◆ GIVEN ENTRIES:
::::

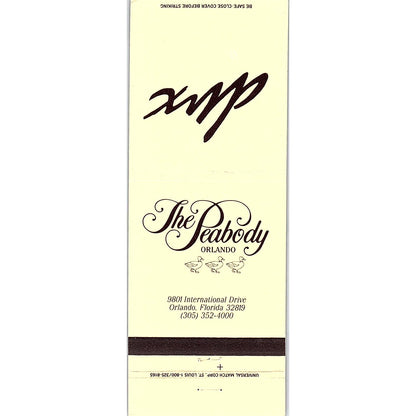 The Peabody Orlando Florida Vintage Matchbook MM4-10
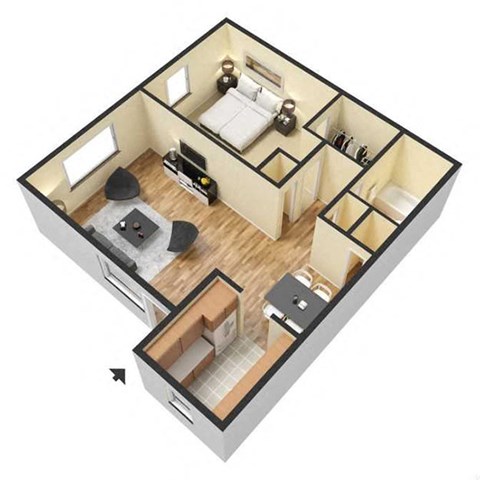 1 bedroom 1 bath
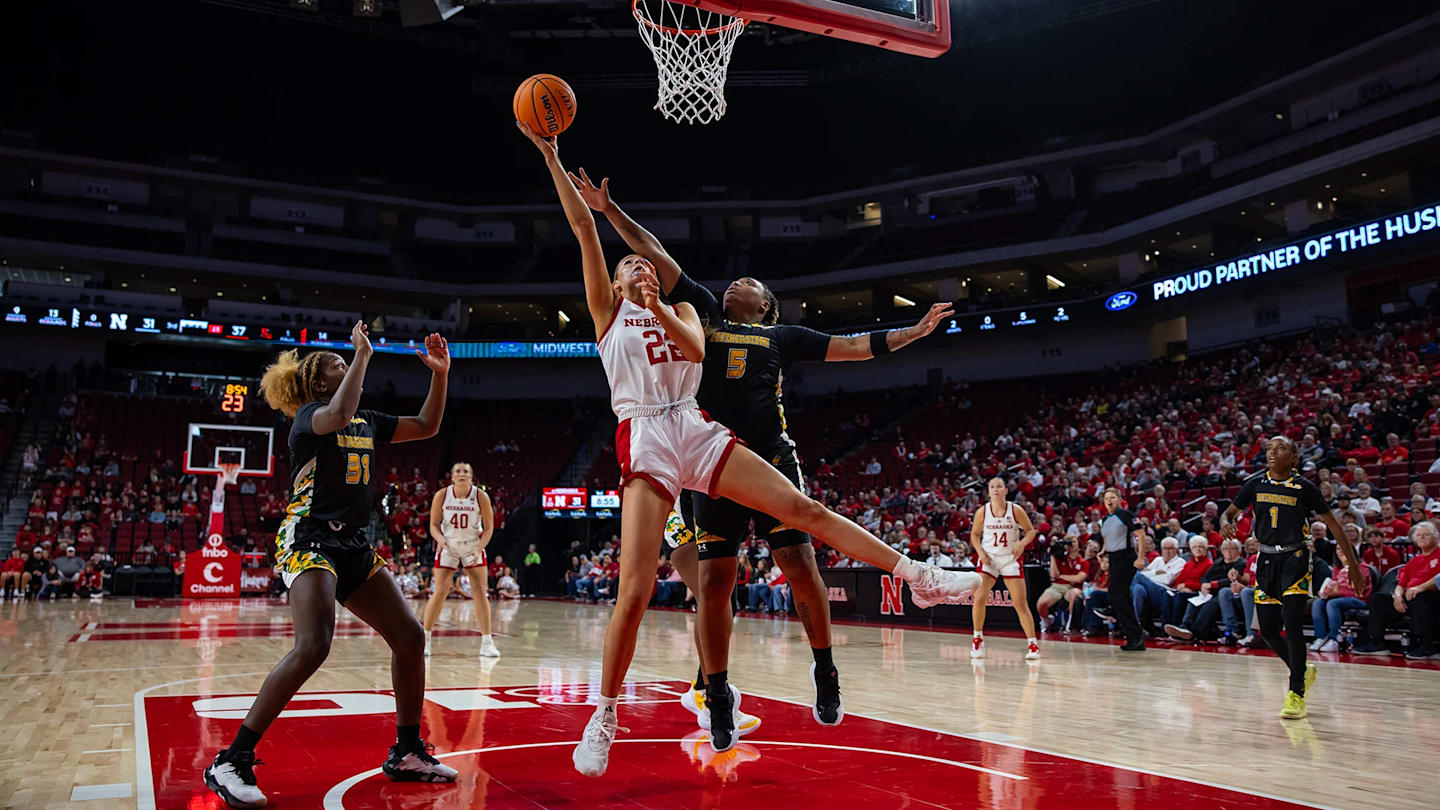 Late Run Pushes No. 23 Nebraska Women’s Basketball Past Southeastern Louisiana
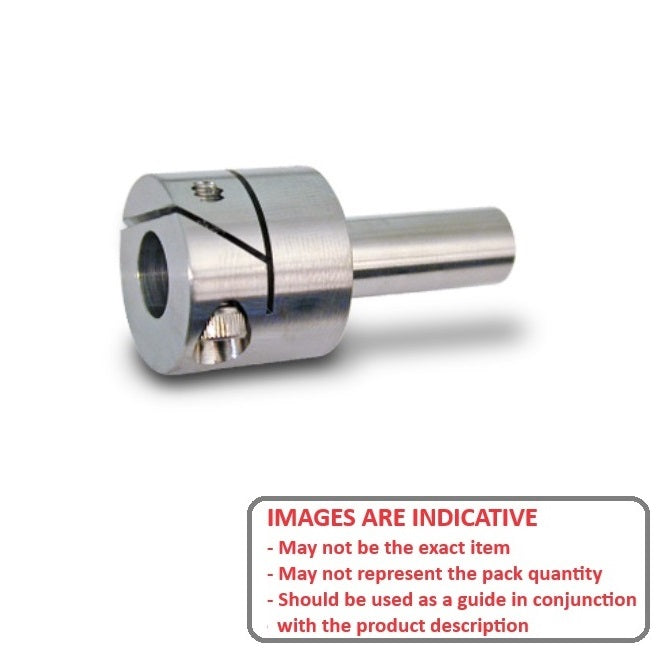 1084744 | SE095-064-445-F3 --- Shaft Extenders - 9.525x6.35x44.45 mm - Stainless Steel 303/304 Similar to A2, 18-8 HRB80 Extender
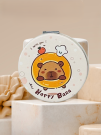 Зеркало раскладное "HappyBara", пончик (7*7 см)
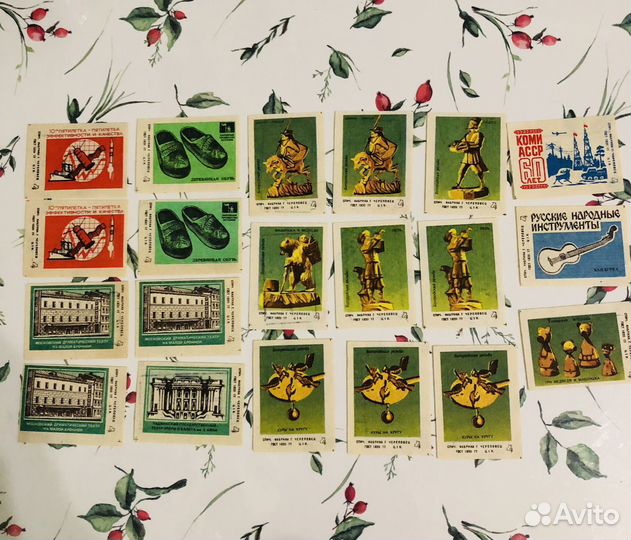 Этикетки спичечные СССР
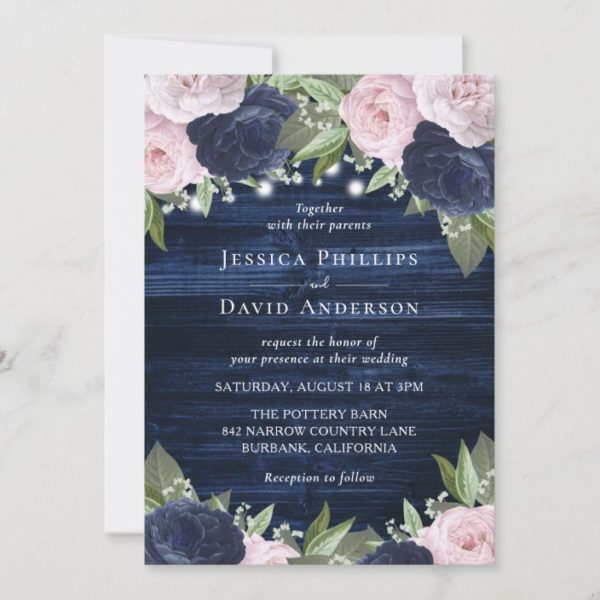 Rustic Invitations - Personalized Rustic Invitations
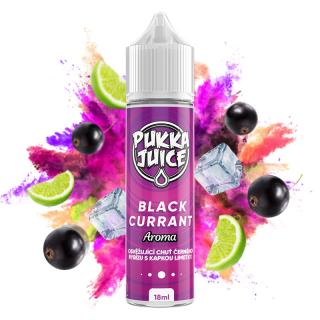 Blackcurrant (Černý rybíz s kapkou limetky) - Příchuť Pukka Juice S&V 10ml Množství: 10ml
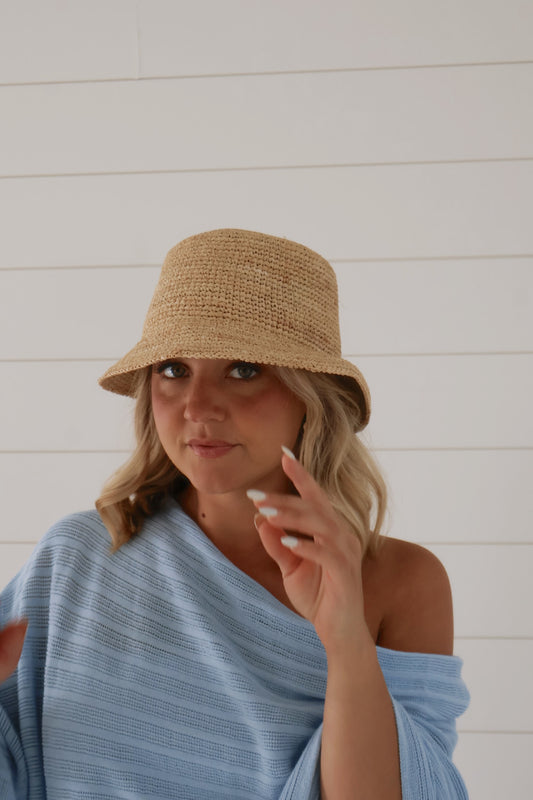 Isla Raffia Bucket Hat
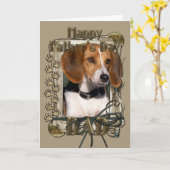 Fathers Day - Stone Paws - Beagle Kaart (Gele Bloem)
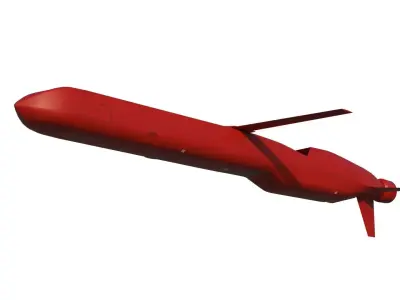 Burevestnik nuclear missile 3D model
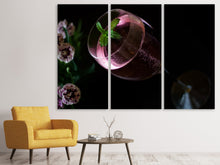 Laden Sie das Bild in den Galerie-Viewer, Leinwandbild 3-teilig Kir Royal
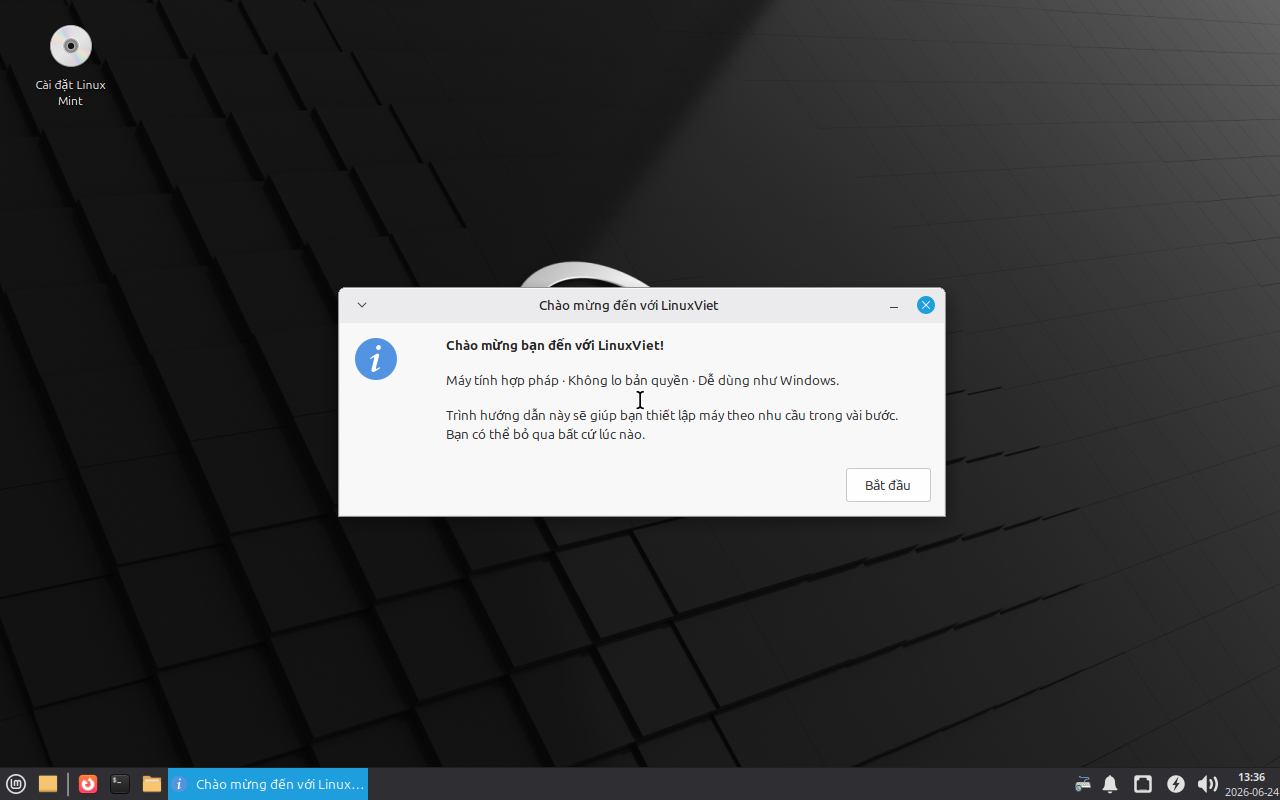LinuxMintLite — ứng dụng đặc trưng
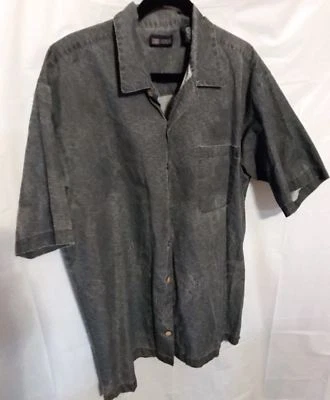 Camisa para hombre Faded Glory talla L 42-44 botones delanteros manga corta mezcla de algodón Foto 1 de 4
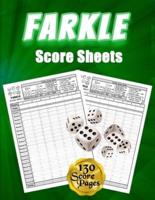 Farkle Score Sheets: 130 Large Score Pads for Scorekeeping - Green Farkle Score Cards   Farkle Score Pads with Size 8.5 x 11 inches (Farkle Score Book)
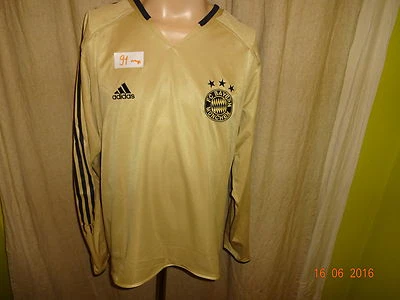 FC Bayern München Adidas Langarm Auswärts Spieler Version Trikot 2004-2006 Gr.XL - Bild 1 von 4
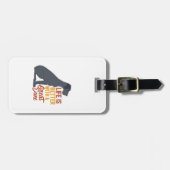 Funny Hund Lover Life ist besser mit einem großen Gepäckanhänger (Vorderseite horizontal)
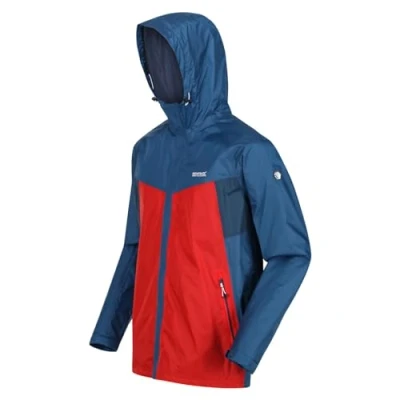 Image of Regatta Men&#039;s Dresford, India Grey/Flame Orange/Fox, XXL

::::

◆ WORK TO COMPLETE: Write out the data above in full and exactly, but without the pictures.

◆ COMPLETED EXERCISE:
 The Peabody Orlando Florida Vintage Matchbook MM4-10
 1 bedroom 1 bath
 Late Run Pushes No. 23 Nebraska Women’s Basketball Past Southeastern Louisiana
 1084744 | SE095-064-445-F3 --- Shaft Extenders - 9.525x6.35x44.45 mm - Stainless Steel 303/304 Similar to A2, 18-8 HRB80 Extender
 Зеркало раскладное "HappyBara", пончик (7*7 см)
 Этикетки спичечные СССР
 Rustic Invitations - Personalized Rustic Invitations
 Blackcurrant (Černý rybíz s kapkou limetky) - Příchuť Pukka Juice S&V 10ml Množství: 10ml
 Isla Raffia Bucket Hat
 Fathers Day - Stone Paws - Beagle Kaart (Gele Bloem)
 Burevestnik nuclear missile 3D model
 Laden Sie das Bild in den Galerie-Viewer, Leinwandbild 3-teilig Kir Royal
LinuxMintLite — ứng dụng đặc trưng
 Camisa para hombre Faded Glory talla L 42-44 botones delanteros manga corta mezcla de algodón Foto 1 de 4
 Farkle Score Sheets: 130 Large Score Pads for Scorekeeping - Green Farkle Score Cards   Farkle Score Pads with Size 8.5 x 11 inches (Farkle Score Book)
 FC Bayern München Adidas Langarm Auswärts Spieler Version Trikot 2004-2006 Gr.XL - Bild 1 von 4
 Funny Hund Lover Life ist besser mit einem großen Gepäckanhänger (Vorderseite horizontal)
 Image of Regatta Men&#039;s Dresford, India Grey/Flame Orange/Fox, XXL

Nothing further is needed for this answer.